What Is Ecofeminism and Why Does It Matter?
Ecofeminism is defined by academics as a mix of political activism and intellectual critique that takes on traditionally harmful systems within both gender dynamics and the environment. It sounds complex, and it is. But its core principles are clear.
“Bringing together feminism and environmentalism, ecofeminism argues that the domination of women and the degradation of the environment are consequences of patriarchy and capitalism,” write the authors of a 2019 piece in the American Journal of Educational Research. “And, to fix both these wrongs means acknowledging that the two are intricately linked.”
As Gloria Steinem, one of the Women’s Media Center’s co-founders likes to say, we are linked not ranked.
“Any strategy to address one must take into account its impact on the other so that women’s equality should not be achieved at the expense of worsening the environment,” the report continues, “and neither should environmental improvements be gained at the expense of women.
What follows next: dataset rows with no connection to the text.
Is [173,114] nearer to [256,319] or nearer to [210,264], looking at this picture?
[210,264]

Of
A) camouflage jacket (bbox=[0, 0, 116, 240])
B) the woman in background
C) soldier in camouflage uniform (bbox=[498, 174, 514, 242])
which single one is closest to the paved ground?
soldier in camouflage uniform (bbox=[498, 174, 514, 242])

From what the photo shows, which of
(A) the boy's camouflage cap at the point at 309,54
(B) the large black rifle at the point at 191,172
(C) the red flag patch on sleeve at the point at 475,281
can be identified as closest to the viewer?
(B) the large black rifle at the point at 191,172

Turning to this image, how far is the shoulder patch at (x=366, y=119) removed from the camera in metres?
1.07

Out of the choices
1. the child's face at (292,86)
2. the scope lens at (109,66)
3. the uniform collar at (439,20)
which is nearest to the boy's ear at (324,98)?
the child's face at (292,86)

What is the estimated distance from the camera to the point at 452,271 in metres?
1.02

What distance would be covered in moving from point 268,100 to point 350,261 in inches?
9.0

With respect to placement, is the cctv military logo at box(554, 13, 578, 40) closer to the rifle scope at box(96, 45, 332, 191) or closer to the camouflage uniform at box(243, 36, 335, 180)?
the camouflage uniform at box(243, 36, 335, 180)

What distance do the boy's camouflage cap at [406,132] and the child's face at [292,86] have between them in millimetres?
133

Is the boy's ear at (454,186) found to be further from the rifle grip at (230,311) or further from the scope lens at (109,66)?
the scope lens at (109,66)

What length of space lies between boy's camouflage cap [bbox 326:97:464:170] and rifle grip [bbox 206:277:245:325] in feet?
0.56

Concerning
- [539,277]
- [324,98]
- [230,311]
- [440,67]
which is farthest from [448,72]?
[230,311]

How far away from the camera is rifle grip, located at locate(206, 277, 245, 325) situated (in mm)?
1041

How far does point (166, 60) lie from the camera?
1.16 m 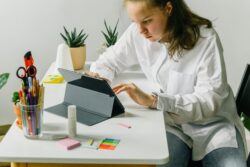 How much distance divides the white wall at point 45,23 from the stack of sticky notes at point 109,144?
1.49 metres

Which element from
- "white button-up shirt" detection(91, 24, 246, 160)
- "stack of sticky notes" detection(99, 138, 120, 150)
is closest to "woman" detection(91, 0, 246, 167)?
"white button-up shirt" detection(91, 24, 246, 160)

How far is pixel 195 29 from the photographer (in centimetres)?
166

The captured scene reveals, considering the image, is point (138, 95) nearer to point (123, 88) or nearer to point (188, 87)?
point (123, 88)

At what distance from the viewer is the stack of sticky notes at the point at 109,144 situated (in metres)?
1.22

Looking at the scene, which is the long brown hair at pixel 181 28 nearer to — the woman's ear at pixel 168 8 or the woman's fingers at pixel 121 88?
the woman's ear at pixel 168 8

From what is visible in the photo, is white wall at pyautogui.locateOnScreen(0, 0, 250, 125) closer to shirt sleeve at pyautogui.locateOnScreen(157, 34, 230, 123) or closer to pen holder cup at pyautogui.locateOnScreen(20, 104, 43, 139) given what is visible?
shirt sleeve at pyautogui.locateOnScreen(157, 34, 230, 123)

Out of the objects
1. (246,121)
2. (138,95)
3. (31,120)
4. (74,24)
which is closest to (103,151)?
(31,120)

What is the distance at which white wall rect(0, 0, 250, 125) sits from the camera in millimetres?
2582

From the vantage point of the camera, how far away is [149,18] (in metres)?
1.58

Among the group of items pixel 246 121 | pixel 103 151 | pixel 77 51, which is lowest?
pixel 246 121

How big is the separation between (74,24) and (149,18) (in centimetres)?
122

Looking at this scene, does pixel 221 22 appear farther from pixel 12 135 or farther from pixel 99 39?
pixel 12 135

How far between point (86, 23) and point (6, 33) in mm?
556

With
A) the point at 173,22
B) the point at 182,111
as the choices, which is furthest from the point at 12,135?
the point at 173,22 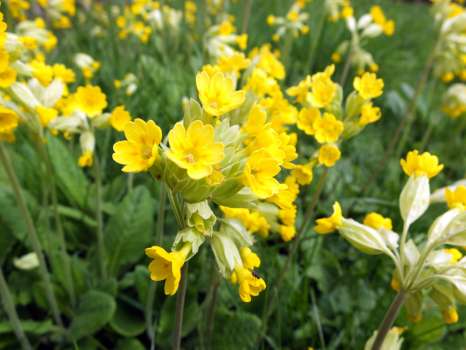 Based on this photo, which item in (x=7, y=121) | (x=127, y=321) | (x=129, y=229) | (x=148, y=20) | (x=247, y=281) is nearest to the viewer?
(x=247, y=281)

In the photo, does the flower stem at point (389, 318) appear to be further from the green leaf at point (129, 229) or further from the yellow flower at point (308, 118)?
the green leaf at point (129, 229)

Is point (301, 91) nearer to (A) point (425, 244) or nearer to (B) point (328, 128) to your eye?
(B) point (328, 128)

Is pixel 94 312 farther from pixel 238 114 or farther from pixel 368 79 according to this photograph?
pixel 368 79

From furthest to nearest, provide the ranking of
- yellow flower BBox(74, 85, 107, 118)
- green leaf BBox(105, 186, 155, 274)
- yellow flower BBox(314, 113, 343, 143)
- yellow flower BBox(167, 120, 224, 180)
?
green leaf BBox(105, 186, 155, 274)
yellow flower BBox(74, 85, 107, 118)
yellow flower BBox(314, 113, 343, 143)
yellow flower BBox(167, 120, 224, 180)

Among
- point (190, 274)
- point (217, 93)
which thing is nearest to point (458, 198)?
point (217, 93)

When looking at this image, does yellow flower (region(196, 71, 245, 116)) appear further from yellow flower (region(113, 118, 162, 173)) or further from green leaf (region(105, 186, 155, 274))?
green leaf (region(105, 186, 155, 274))

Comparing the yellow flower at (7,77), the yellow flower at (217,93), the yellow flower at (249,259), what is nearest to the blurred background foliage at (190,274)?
the yellow flower at (249,259)

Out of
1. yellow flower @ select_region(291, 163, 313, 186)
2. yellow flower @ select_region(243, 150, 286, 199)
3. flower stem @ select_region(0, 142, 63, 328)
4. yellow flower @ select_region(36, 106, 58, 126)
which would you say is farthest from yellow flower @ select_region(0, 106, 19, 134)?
yellow flower @ select_region(291, 163, 313, 186) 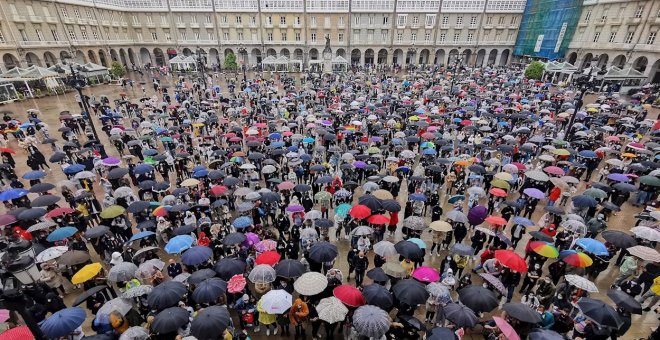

Ecofeminists argue that the oppression of women parallels that of the environment, which “has led to environmental destruction by the controlling patriarchal society,” write the authors of the journal report.
IUCN, the world’s largest environmental network, says that “ecofeminism proposes that only by reversing current values, thereby privileging care and cooperation over more aggressive and dominating behaviors, can both society and environment benefit.”
We are clearly at an urgent moment in regard to the environment, and, hopefully, we are also at a moment when women will have the opportunity to help save us all from ourselves.
More than ever, the climate movement must include and acknowledge the roles of women in the fight to save the planet. Long kept out of the rooms where policy decisions are made, women throughout the world are, ironically, often in charge of feeding and providing health care to their families, yet are somehow allocated the fewest resources to do so.
But framing the problem like this — with women as victims — “leads to solutions that address the problem (women’s troubles), not its causes (men’s greater responsibilities and failures relating to climate change),” write sociologists at the University of Kansas.
Aka men need to step up.
“Our current dialogue on climate change remains framed around achieving climate goals without sufficient consideration of who is involved and how those outcomes will impact different segments of society, including women,” according to He for She, an organization started by the United Nations as a means of promoting alliances between men and women.
The group points out that more than 90 percent of heads of governments and companies are men — many are managers of the corporations that are responsible for emissions. He for She argues that heads of government “are operating in an environment with a clear objective of protecting the economic and political interests of their countries with regards to climate change. In the process they formulate policies that deepen gender inequalities and harm the environment further.” Men at the heads of corporations operate in what the group calls a “power-oriented masculinity.”
It may help to envision Gaia — the ancient Greek goddess who embodies the Earth — as a means to understanding how intricately connected women are to the environment.
“Ecofeminists understand human beings as not being separate from or above nature,” write the authors of the American Journal of Educational Research report. “They are one small part of a whole, rather than the pinnacle of nature. In separating nature from persons, humanity creates a concept of nature which is made up of dead, unintelligent matter.”
Amid the struggle to be heard and included, these authors offer hope: “Given that the subjugation of women and nature is a social construct, not a biological determinant, these relationships have the potential to change.”